The cool dry slick slide of a garter snake through my hands, the small flat rock as big as my two palms together, set in the woolly green moss in the woods behind the house.

The smell of mud. Rain rolling like warm wax down the living room window.

The ping of  june bugs as they hit the screen door and me in my summer pajamas, fresh from the bath with hair still wet and stuck to my head and neck, sitting at the table playing with clay while my parents sit in the next room watching tv.

The little men who clung to the bathroom fan leering at me with wide eyes from the ceiling while I soaked in my bath.The whirligig of red, blue, and green faces that spun in front of my eyes at night before sleep took me. The murmur of voices that echoed in my ears while the faces spun. The faces only I could see that stared at me from under the paint on walls, the phantom cats, slinking around corners and through doors, so quick, sometimes I was only aware of the movement, or perhaps the flick of a long tail or small quiet black foot. Childhood nightmares of naked rope bound women hanging from hooks on walls or hanging from trees in the forest.

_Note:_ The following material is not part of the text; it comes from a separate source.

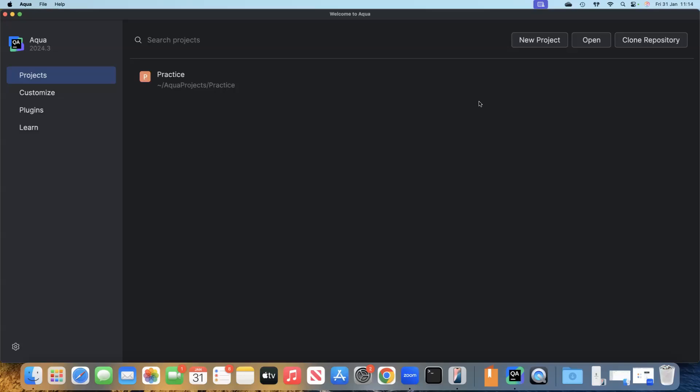Hey there, welcome back. In this session, we're going to look at how we can set up a Selenium Java project which will be using Maven and TestNG using the Aqua IDE.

Salt spilled on the kitchen table, a spray of perfect tiny white cubes. Milk like a cloud poured into a cup of black coffee. Purple petunias, sticky velvet, the grain of the wood on the second stair, the taste of the window screen, my tongue against the dusty warm metal for a moment, my spit spanning the spaces between the wires like glass.

Crouching in dad's dark closet between the curve and strum of his guitar and his guns with their hard sharp acrid petroleum smell, the blue-grey terry cloth bathrobe. The waft and waver of cigarette smoke rising like kelp from deep below to the surface drawn toward the heat and light from the globe of a 60 watt incandescent bulb.